Russini, for her part, resigned from The Athletic in April. Both she and Vrabel have denied cheating on their respective spouses, though the specific language of those denials has not been made public.
When personal scandals overtake public figures, the fallout often extends far beyond the principals. Families bear the cost. Bitter custody disputes and shattered households are the collateral damage that rarely makes the highlight reel.
The sports media ecosystem has spent years cultivating a cozy relationship between reporters and the coaches and players they cover. Access is currency. Proximity is power. And the boundaries that once governed those relationships have eroded, sometimes in ways that compromise the journalism itself.
Russini was covering Vrabel for ESPN in June 2021, the same month they reportedly took a private boat trip together in Tennessee. If the reporting is accurate, she was filing stories about a coach with whom she was spending private, off-the-record time. That is not a gray area. It is a conflict of interest that her employers should have caught, or that she should have disclosed.

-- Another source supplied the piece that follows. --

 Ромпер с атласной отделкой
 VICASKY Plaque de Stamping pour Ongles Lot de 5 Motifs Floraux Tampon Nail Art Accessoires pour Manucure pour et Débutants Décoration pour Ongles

The Athletic conducted an internal review after the Arizona photos surfaced. Russini resigned before it concluded. The New York Times, which owns The Athletic, has not publicly detailed the findings. The pattern is familiar: an institution waits, the subject departs, and the review quietly fades from view. Accountability, once again, becomes optional. It's the same dynamic that surfaces when financial disclosures go unexamined until outside pressure forces the issue.
Breitbart noted that the June 2021 boat trip took place when Russini was approximately seven months pregnant, raising what it called "obvious questions" about why she would be on a private boat with a married man so close to giving birth.
Those questions remain unanswered. Both Russini and Vrabel have offered carefully worded statements that acknowledge mistakes without specifying what those mistakes were. That is a strategy designed to survive a news cycle, not to provide honest answers.
The resurfaced Zoom clip is not, by itself, proof of anything beyond poor judgment on camera. But it matters because it places Russini and Vrabel in the same social circle, participating in the same casual, after-hours content, months before the earliest reported private encounters. It fills in a timeline that now stretches from at least early 2020 through January 2024.
For Vrabel, the professional stakes are immediate. He is the head coach of the New England Patriots, a franchise that demands discipline and message control. Stepping away from the NFL Draft for a family counseling session is not the kind of headline any coach wants. And the steady release of new footage, dock video, casino photos, bar pictures, resort images, and now a Barstool Zoom call, suggests the story is not finished.
For Russini, the professional consequences have already landed. She left The Athletic. Her media career, built on credibility and access, now carries an asterisk that no résumé rewrite can remove. The question of whether she covered Vrabel while maintaining a personal relationship with him is one that her former employers, ESPN and The Athletic, have not publicly answered.
When public figures try to seal uncomfortable records, the instinct is always the same: control the narrative, limit the damage, and hope the public moves on. Sometimes it works. Sometimes the footage keeps coming.
The people who deserve the most sympathy in this mess are the ones who had no say in it: the spouses, the children, and the colleagues left to answer questions they didn't create. That's always how these stories end, not with the principals, but with the people around them picking up the pieces.